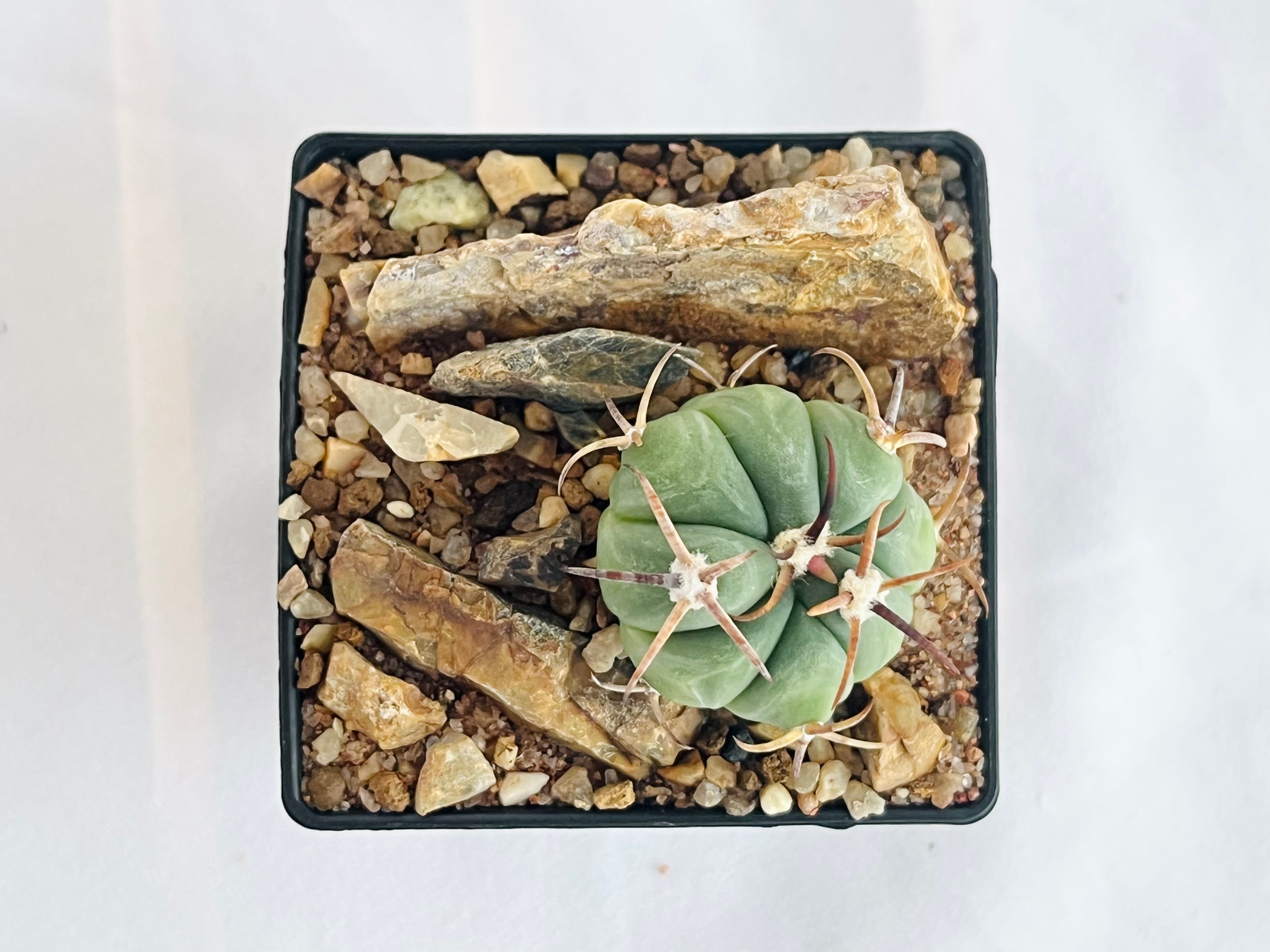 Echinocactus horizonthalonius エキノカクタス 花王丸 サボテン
==
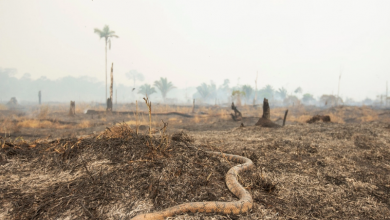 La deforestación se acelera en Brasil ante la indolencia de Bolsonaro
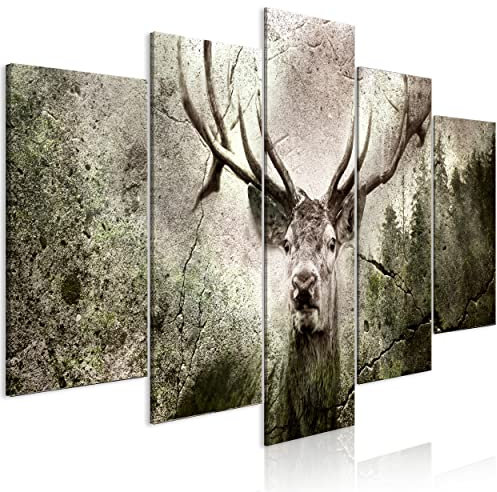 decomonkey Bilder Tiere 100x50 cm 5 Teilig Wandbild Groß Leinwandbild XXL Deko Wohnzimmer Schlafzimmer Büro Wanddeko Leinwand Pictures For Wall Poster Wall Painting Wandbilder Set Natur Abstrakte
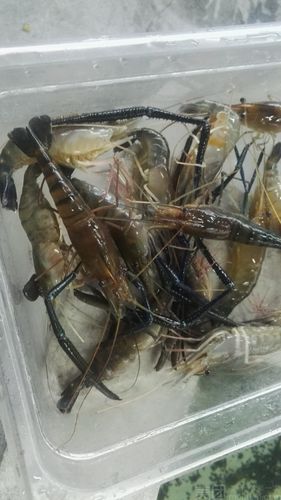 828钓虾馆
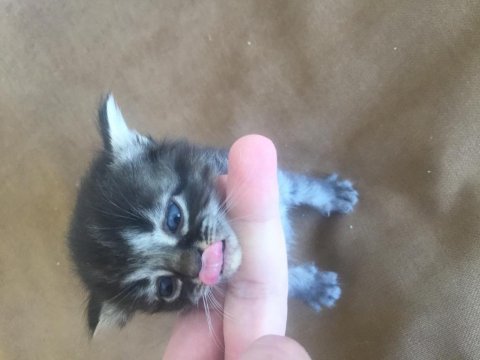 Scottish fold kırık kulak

:: What to do ::
Working from the records above, set down word for word everything from the line containing "decomonkey Bilder Tiere" down to the line containing "Scottish fold kırık kulak", ends included, minus the pictures.

:: Reply to the exercise ::
 decomonkey Bilder Tiere 100x50 cm 5 Teilig Wandbild Groß Leinwandbild XXL Deko Wohnzimmer Schlafzimmer Büro Wanddeko Leinwand Pictures For Wall Poster Wall Painting Wandbilder Set Natur Abstrakte
 828钓虾馆
 Scottish fold kırık kulak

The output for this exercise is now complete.